Risk mitigation via a comprehensive implementation plan
As with any future strategy, there are certainly risks involved - some controllable and others not.
To back up the significant investment in the MDS, Transnet has devised an execution plan which Sigonyela maintains will be flexible enough to respond to external shocks from uncontrollable risks. "Moreover, we are building internal capabilities to build sufficient buffers in the plan to absorb changes," he says.
Transnet identified and assessed various risks including operational efficiencies, volumes and capital execution in the rail business, as well as the necessary associated governance to ensure delivery on schedule, to cost and of a high-quality.
There is also a need to achieve the volumes required to secure operational cash flows, but Sigonyela was quick to add that Transnet's plan is capable of mitigating these and other risks and addressing all areas critical for the plan's success.

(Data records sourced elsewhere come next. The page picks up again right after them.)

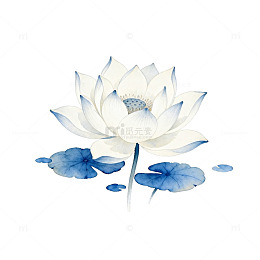 水墨荷花装饰图案矢量素材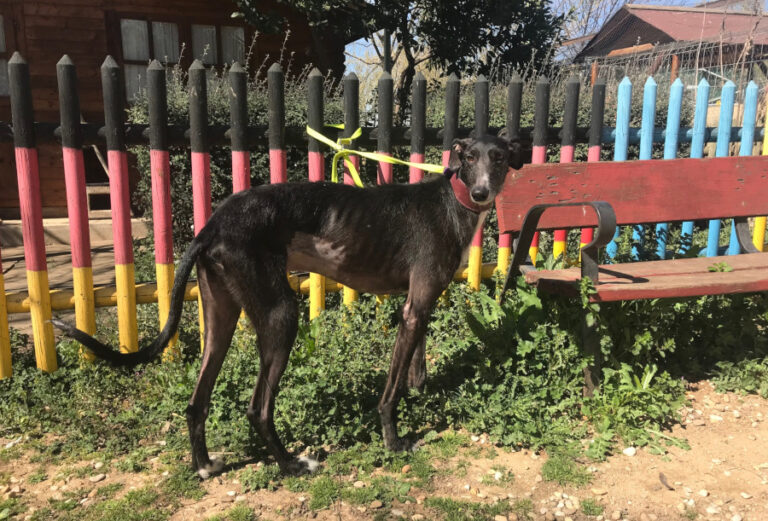 multimedia-foto56391-896-1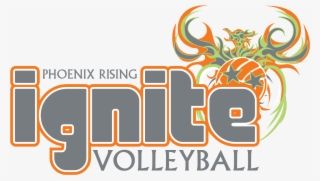 Ignite Developmental Youth Program #6968510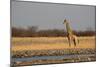 A Southern Giraffe, Giraffa Camelopardalis Giraffe, Stands by a Watering Hole-Alex Saberi-Mounted Photographic Print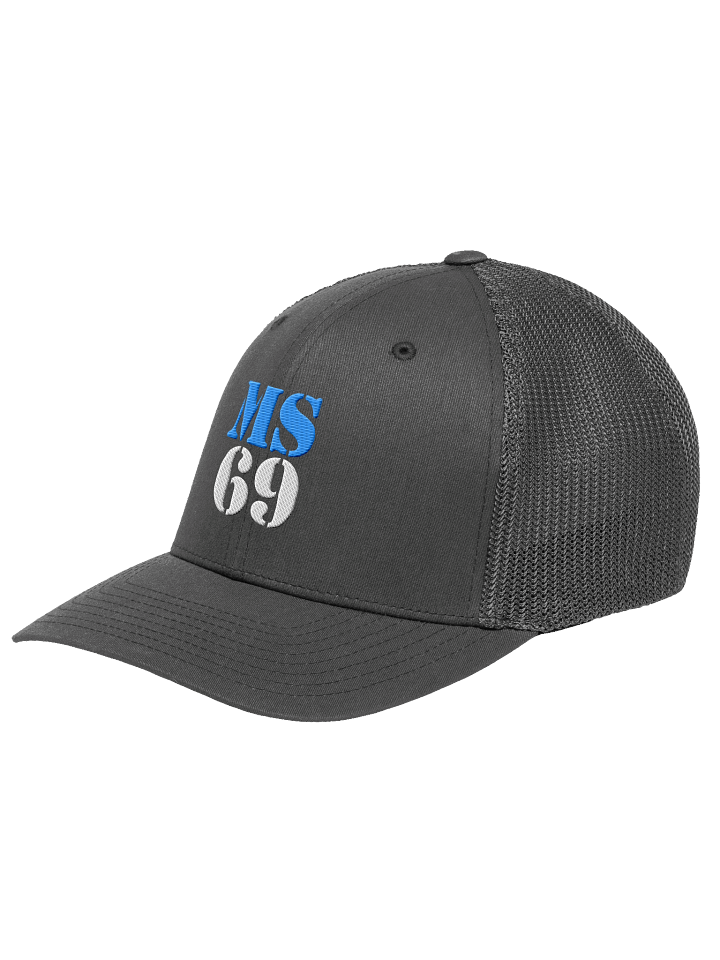 MS69 - Flexfit Trucker Hat Blue/White product image (2)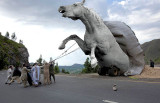 Wild-ride.jpg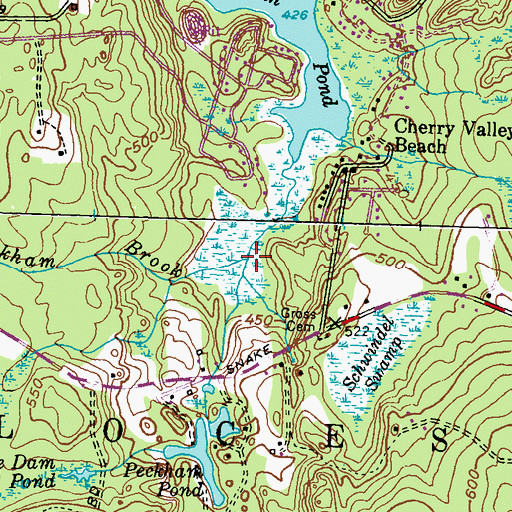 Topographic Map of Peckham Brook, RI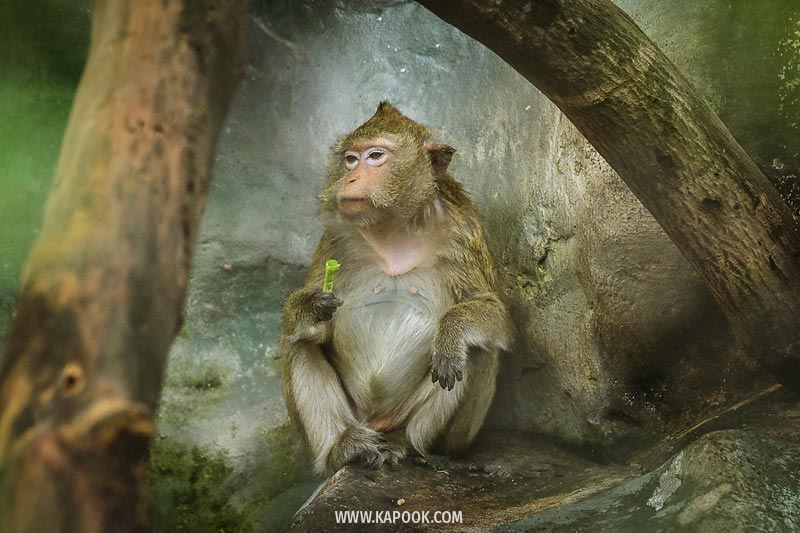 สัตว์ดาวเด่นเขาดินย้ายไปไหนบ้าง สัตว์ดาวเด่นเขาดินย้ายไปไหนบ้าง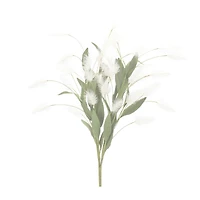 22.5" White Plume Bushes, 2ct.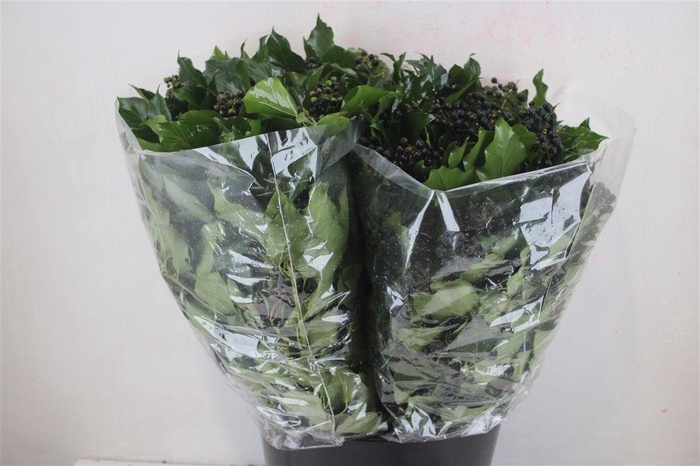 <h4>Hedera Berry 200gr P Bunch</h4>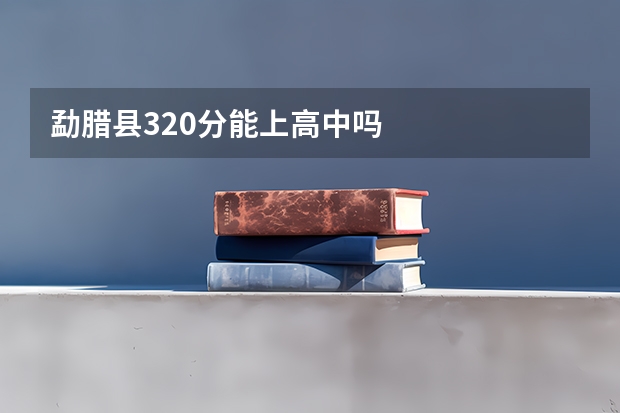 勐腊县320分能上高中吗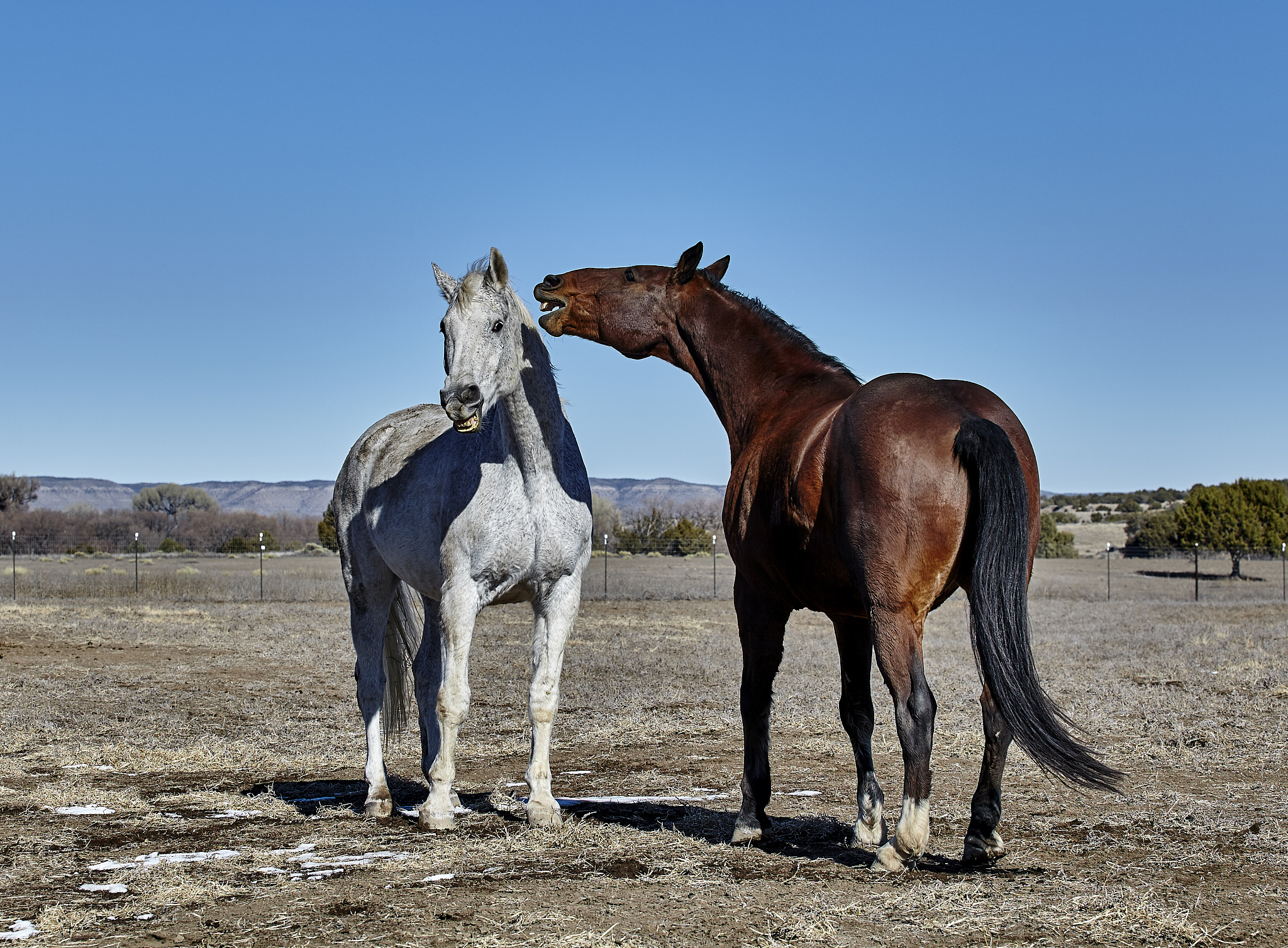 horses biting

"Overall capital risks will be mitigated through superior capital execution and improved procurement performance," he states. "The admittedly lower risks associated with volume growth will be mitigated through take or pay contracts on, for example, general freight business; these type of contracts with 12 of the top customers will secure a significant percentage of the volumes needed."
In conclusion, Sigonyela reflects that the MDS can only be built on a solid foundation, with the rail service supplier looking inwardly to develop this platform: "Transnet intends to build a strong performance culture and secure future funding cost-effectively while maintaining our credit rating without government guarantees," he asserts.
"Ensuring that whatever we do is sustainable and in line with policies and procedures will be critical, as will improved safety across all operations."